Westmere, Sandy Bridge's predecessor, had an architecture based upon Nehalem. Sandy Bridge's architecture shares some similarities with the older chips but features a couple of major departures as well.
Sandy Bridge is a multicore microprocessor. That means each Sandy Bridge microprocessor has at least two processing cores capable of handling computational operations. At launch, the most advanced Sandy Bridge chip had four cores, making it a quad-core processor. But why use multiple cores at all? Why not just develop faster single-core processors?
It turns out that many computer processes are made up of smaller computational problems called parallel problems. Imagine a room that has a genius and four smart -- but not genius -- math students. You give the genius a sheet of four math problems to solve. You give each of the four smart students one of the math problems.
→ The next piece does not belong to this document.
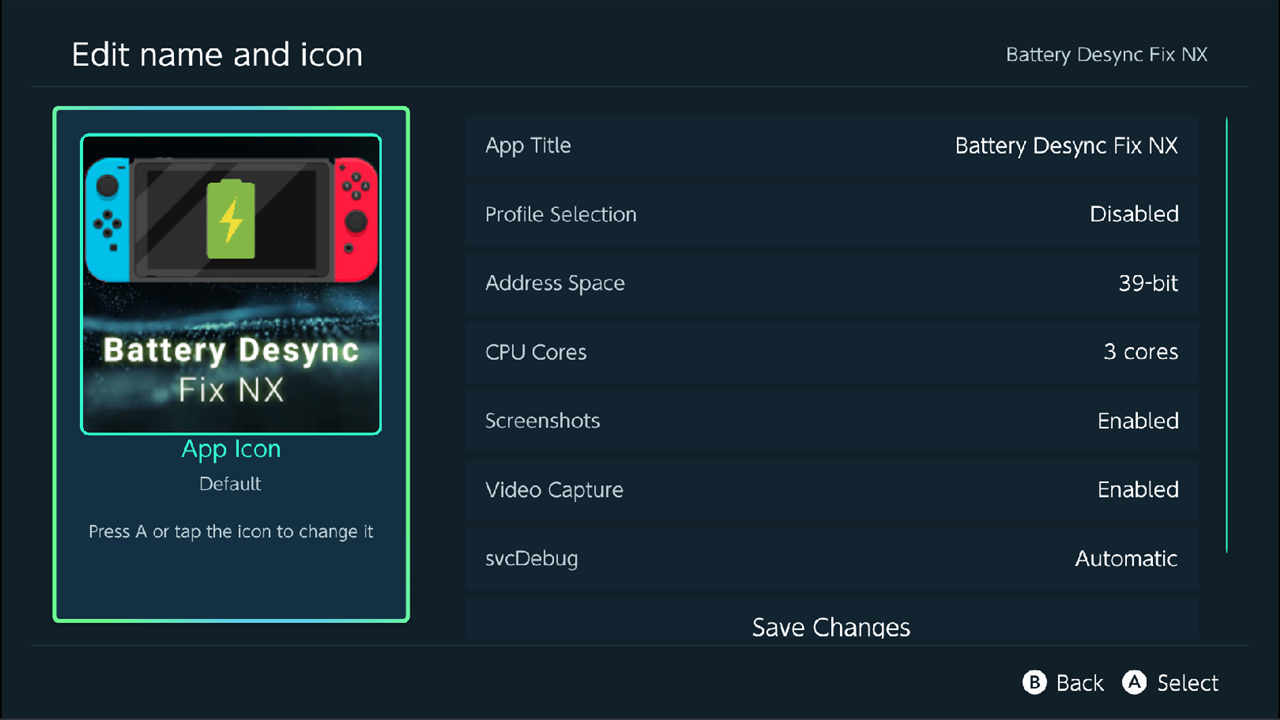 Edit name and icon screen with title field and icon preview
While the genius might solve a single problem faster than any of the four smart students, collectively the students will finish before the genius. That's the idea behind multicore processors -- individually, they may be slower than a powerful single-core processor. But collectively, they're more efficient for lots of computer problems.
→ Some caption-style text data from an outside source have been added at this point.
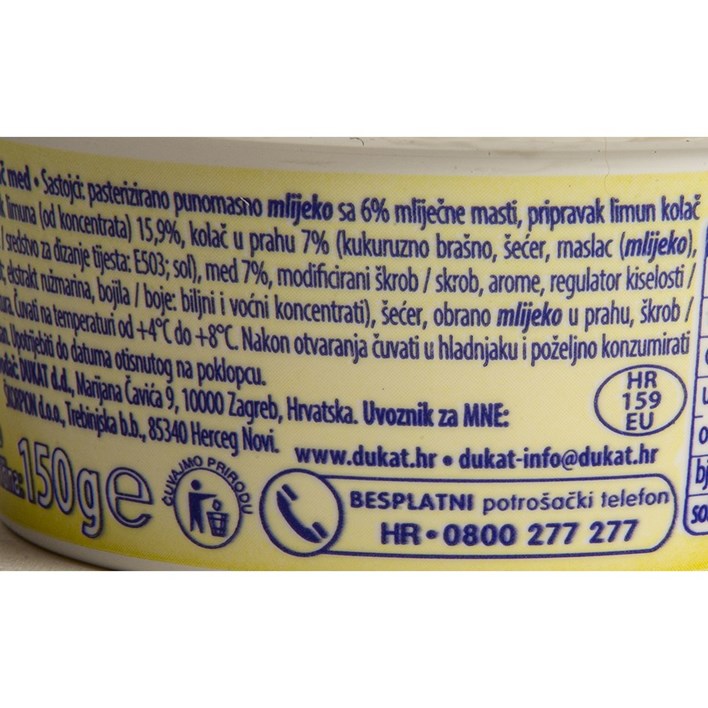 JOGURT DUKATOS LIMUN KOLAČ MED 150g DUKAT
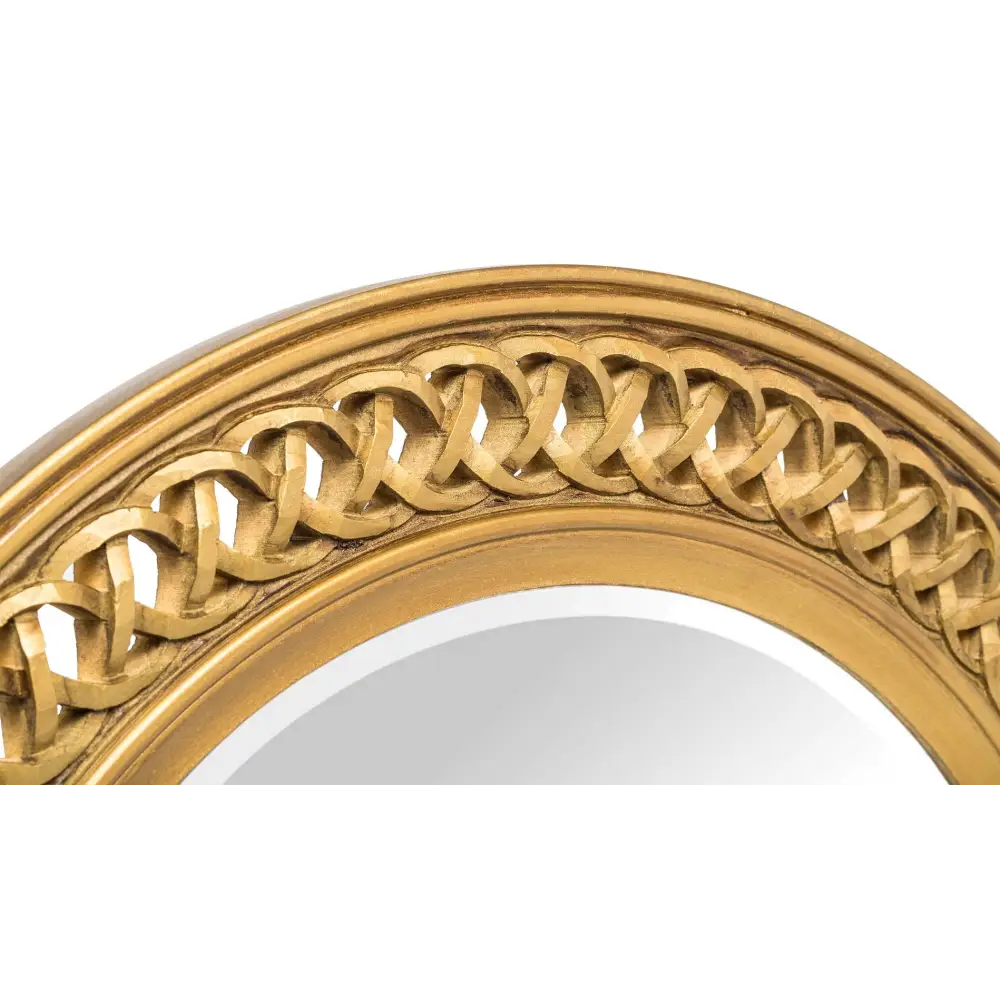 Decorative Wooden Round Wall Mirror in Rustic Gold Finish - Furniture > Living Room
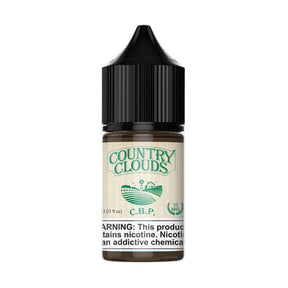 Country Clouds SALT Cornbread Pudding E-Liquid featuring golden cornbread, maple syrup, and vanilla cream in a 30mL unicorn bottle.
In addition to the multiple cores, each core itself can handle two threads of data. Intel included multithreading in the Nehalem microarchitecture and carried it over into Sandy Bridge. Intel now calls the technology Hyper-Threading. Multithreading depends heavily on software developers creating programs that can take advantage of the feature. With the right application, a single core can handle two threads of data, in effect doubling the processing power of the chip for those applications.
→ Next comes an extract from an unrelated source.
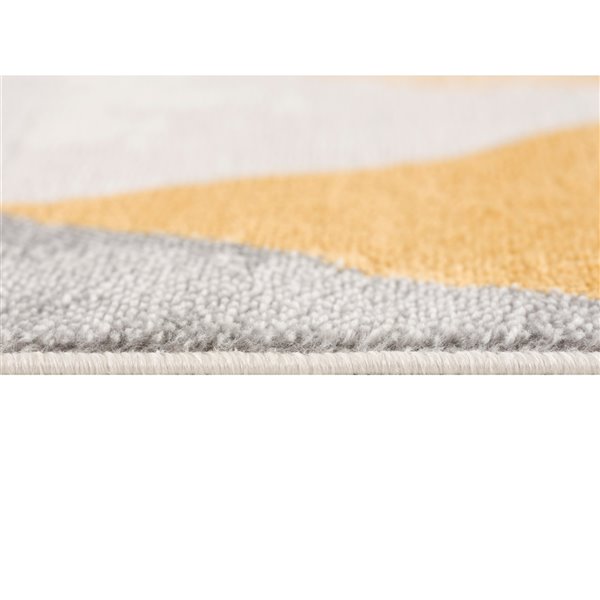 Tapis Branche Géométrique Mid-Century Moderne Jaune Beige Intérieur Tapis - 4x6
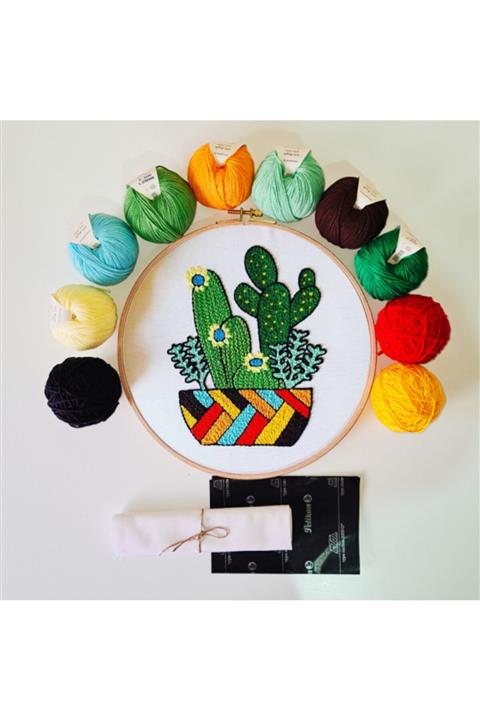 kecelemecele punch Iğnesiz Punch Nakışı Devam Seti Kaktüs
Each core in a Sandy Bridge chip has two levels of individual cache memory -- that means the cores can store some data within the processor itself to refer to while making computations. A third level of cache memory, called the last-level cache, is a shared resource. The cores refer to the last-level cache for shared data and to communicate with other cores.
The big departure for Sandy Bridge is the inclusion of a dedicated section on the chip for graphics processing. Out of the 995 million transistors on the Sandy Bridge quad-core desktop computer chip, 114 million of them reside in the graphics processing section [source: Lal Shimpi]. It can handle 3-D graphics processing. This capability decreases the necessity for a dedicated graphics card, though high-end applications like cutting-edge video games or video processing software may still require a graphics processing unit to run without a hitch.